Alarmou-se, indignada ante o vexame evidente.
O mais velho, longe de garanti-la, fez mais. Tomou de um bisturi e abriu-lhe o abdômen.
— Assassinos! Assassinos! — estertorava.
Mas a operação prosseguia. Ouviu vozes. Alguém dizia: “Bela mulher!”, enquanto o cavalheiro amadurecido, em grande avental branco, falava em “cianetos” e “cheiro de amêndoas amargas”.
Um dos moços, de olhar irônico, exclamou, tateando-lhe o busto: — “Por que matar-se deste modo?”
Sentindo-se em desespero total, clamava que não. Tentara o suicídio, mas recuara.
— Terminassem a operação! — pedia, em pranto, reconhecendo tratar com jovens cirurgiões em estudo.

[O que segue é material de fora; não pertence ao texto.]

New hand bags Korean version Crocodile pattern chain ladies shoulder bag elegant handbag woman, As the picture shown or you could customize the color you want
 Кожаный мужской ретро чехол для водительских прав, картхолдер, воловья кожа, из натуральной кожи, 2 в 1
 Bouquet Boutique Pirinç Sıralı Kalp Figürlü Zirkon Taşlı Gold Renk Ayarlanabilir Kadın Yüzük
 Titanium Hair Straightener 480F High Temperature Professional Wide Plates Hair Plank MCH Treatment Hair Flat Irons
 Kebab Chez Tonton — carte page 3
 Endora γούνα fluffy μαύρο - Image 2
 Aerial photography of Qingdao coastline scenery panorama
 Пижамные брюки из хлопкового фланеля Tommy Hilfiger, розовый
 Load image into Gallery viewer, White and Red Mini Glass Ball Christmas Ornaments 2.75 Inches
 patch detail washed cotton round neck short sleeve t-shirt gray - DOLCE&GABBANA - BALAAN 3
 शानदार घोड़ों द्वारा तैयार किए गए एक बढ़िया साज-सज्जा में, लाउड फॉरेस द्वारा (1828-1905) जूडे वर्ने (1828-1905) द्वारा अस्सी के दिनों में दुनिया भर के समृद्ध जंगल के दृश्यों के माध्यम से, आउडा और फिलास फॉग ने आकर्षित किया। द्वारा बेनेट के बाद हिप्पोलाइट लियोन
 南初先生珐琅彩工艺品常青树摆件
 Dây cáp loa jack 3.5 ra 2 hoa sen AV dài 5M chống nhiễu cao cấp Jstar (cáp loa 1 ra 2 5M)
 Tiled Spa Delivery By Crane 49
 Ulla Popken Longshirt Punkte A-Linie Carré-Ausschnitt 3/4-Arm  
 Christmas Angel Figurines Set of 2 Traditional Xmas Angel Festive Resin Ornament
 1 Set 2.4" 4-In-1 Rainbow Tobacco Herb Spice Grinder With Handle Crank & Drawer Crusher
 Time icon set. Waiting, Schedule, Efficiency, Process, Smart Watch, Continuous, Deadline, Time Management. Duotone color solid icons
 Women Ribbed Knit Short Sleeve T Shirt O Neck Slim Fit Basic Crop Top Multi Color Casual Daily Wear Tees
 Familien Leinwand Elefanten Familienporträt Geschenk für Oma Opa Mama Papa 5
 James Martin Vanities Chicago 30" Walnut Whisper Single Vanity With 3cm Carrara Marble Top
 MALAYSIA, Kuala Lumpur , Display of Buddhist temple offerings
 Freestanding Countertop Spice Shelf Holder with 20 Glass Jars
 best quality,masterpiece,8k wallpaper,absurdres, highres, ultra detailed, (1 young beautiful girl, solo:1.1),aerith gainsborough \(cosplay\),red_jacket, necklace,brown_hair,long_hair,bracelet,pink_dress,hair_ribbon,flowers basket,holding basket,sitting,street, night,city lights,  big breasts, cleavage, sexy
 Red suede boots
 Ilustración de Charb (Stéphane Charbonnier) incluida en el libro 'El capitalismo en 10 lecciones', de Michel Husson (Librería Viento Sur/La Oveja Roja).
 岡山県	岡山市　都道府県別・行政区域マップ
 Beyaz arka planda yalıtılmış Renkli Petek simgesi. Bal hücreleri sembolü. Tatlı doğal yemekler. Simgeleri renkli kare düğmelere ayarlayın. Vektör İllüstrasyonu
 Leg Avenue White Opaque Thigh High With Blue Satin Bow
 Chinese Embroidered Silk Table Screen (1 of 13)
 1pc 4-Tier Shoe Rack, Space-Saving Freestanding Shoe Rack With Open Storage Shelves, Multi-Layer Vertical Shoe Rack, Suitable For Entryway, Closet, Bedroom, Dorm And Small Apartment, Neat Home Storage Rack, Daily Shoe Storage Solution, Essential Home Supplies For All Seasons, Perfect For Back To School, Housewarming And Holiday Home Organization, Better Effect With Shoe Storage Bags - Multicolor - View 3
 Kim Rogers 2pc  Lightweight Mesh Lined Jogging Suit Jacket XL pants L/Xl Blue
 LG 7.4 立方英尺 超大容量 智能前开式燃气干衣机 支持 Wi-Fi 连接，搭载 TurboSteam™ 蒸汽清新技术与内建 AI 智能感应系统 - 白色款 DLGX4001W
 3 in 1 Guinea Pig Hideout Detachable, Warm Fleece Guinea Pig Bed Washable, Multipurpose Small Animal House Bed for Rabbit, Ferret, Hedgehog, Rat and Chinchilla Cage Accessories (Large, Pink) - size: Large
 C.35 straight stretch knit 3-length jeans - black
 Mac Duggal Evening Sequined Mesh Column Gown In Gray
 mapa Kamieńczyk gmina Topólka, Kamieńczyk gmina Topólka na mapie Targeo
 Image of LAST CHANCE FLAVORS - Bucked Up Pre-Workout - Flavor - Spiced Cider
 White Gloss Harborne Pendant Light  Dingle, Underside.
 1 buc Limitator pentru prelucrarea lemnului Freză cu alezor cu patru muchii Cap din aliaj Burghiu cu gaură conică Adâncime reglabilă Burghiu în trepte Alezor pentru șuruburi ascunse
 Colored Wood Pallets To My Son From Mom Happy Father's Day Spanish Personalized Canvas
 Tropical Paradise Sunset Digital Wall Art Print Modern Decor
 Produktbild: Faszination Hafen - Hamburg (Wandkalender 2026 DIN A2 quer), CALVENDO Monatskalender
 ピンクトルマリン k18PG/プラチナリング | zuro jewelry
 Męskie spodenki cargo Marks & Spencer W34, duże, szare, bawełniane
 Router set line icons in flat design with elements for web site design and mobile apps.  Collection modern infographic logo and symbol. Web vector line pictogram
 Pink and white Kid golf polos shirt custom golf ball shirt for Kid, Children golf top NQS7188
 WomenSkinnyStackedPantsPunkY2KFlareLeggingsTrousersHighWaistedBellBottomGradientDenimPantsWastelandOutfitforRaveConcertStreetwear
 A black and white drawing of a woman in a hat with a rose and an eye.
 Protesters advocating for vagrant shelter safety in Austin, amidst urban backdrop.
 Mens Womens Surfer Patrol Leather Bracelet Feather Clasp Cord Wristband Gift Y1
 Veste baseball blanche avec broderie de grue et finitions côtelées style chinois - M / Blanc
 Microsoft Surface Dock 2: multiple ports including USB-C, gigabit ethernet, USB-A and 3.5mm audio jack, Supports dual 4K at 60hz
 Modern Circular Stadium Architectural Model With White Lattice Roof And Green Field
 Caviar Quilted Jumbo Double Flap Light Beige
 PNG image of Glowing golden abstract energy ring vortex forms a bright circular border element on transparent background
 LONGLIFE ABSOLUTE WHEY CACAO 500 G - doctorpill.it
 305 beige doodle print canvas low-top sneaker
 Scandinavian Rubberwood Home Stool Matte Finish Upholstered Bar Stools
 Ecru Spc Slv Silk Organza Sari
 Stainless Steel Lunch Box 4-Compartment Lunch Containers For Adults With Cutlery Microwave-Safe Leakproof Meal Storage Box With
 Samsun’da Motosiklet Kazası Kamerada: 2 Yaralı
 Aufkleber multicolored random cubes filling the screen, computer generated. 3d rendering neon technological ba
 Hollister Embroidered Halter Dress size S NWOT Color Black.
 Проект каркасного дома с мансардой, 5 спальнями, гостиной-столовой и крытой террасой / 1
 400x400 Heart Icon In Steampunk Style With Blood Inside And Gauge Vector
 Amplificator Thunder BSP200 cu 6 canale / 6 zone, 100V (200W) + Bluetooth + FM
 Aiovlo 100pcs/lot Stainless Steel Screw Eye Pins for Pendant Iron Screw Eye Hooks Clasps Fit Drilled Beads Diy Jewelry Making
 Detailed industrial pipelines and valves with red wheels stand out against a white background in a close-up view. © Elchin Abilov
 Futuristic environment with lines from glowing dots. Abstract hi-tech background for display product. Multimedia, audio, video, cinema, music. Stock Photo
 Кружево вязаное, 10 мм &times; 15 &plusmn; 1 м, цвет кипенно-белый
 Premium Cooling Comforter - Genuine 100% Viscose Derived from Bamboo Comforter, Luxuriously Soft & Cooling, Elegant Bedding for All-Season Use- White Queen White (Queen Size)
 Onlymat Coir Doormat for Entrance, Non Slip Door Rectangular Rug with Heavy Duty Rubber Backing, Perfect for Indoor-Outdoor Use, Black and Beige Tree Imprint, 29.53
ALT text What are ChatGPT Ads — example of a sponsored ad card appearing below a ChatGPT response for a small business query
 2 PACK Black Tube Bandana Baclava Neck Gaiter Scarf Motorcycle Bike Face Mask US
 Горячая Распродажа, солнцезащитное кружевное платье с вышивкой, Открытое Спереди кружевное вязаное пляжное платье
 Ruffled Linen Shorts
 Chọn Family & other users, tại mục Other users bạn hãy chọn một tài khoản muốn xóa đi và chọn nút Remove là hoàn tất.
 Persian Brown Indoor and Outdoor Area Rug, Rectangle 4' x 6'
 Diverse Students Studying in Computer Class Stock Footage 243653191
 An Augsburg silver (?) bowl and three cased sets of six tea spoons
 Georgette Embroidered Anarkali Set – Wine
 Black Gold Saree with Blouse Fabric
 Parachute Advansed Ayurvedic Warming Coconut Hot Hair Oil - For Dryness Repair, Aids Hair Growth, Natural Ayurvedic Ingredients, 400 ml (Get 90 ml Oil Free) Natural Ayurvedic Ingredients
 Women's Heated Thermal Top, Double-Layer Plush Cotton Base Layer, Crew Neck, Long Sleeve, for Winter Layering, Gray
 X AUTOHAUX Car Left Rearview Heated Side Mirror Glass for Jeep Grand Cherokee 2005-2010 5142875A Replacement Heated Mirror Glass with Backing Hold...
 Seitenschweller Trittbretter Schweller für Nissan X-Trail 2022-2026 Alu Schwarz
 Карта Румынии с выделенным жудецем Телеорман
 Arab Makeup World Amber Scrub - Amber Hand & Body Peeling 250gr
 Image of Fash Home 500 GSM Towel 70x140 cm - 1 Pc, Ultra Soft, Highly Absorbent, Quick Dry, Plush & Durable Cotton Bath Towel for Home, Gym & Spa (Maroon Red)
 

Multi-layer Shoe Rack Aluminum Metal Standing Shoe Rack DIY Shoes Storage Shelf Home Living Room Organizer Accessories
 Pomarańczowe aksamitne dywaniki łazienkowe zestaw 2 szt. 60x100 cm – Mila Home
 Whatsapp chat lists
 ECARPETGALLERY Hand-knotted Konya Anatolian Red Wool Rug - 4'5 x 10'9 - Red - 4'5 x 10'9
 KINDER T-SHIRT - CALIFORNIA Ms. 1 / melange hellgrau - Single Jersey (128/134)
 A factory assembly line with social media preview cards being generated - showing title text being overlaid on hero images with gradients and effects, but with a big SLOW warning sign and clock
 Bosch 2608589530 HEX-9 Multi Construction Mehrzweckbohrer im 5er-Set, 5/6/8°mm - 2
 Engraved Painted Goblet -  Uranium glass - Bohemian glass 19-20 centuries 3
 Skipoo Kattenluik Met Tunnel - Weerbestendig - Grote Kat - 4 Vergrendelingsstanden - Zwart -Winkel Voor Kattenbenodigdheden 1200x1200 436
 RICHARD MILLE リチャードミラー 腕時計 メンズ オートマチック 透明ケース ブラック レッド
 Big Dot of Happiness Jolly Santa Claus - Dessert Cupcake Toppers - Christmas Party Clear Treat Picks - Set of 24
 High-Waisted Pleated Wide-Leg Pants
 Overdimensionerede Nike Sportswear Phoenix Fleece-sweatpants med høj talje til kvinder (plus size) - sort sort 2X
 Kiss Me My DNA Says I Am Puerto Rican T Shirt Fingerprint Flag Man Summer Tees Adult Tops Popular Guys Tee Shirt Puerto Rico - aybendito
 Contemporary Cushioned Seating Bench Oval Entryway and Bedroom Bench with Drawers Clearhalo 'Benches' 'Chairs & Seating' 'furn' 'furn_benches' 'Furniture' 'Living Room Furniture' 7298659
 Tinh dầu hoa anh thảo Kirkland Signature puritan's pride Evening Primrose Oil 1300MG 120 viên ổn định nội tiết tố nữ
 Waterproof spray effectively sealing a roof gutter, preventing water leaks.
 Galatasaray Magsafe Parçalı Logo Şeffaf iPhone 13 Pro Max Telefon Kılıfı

Tinha pressa. Desejava tranquilizar os pais, refazer a existência. Mas, em meio das sensações turbilhonárias que lhe atormentavam a alma, sentiu que continuavam a lhe cortar a carne.
Era demais. Viu-se separada do próprio corpo, como joia que salta mecanicamente do escrínio. E conheceu a verdade, enfim. O corpo que ela própria arruinara apresentava máscara triste. Mãos ágeis trabalhavam-lhe as vísceras, separando material de exame necrológico.
Entretanto, ela — Marina, ela mesma — cambaleava, de pé, com todas as dores e convulsões de momentos antes…
— Mãe! Minha mãe! — clamou aterrada quero viver! viver!.
Outra voz, contudo, bramiu-lhe ameaçadora e sarcástica aos ouvidos:
— Mãe, minha mãe, eu também quero viver! viver!…
Procurou com os olhos agoniados quem lhe falava, mas apenas sentiu que braços vigorosos a aprisionavam.
Lembrou, aturdida, o aborto, os sonhos, a tortura e o suicídio, e esforçou-se terrivelmente para voltar e erguer de novo o corpo tombado na mesa fria.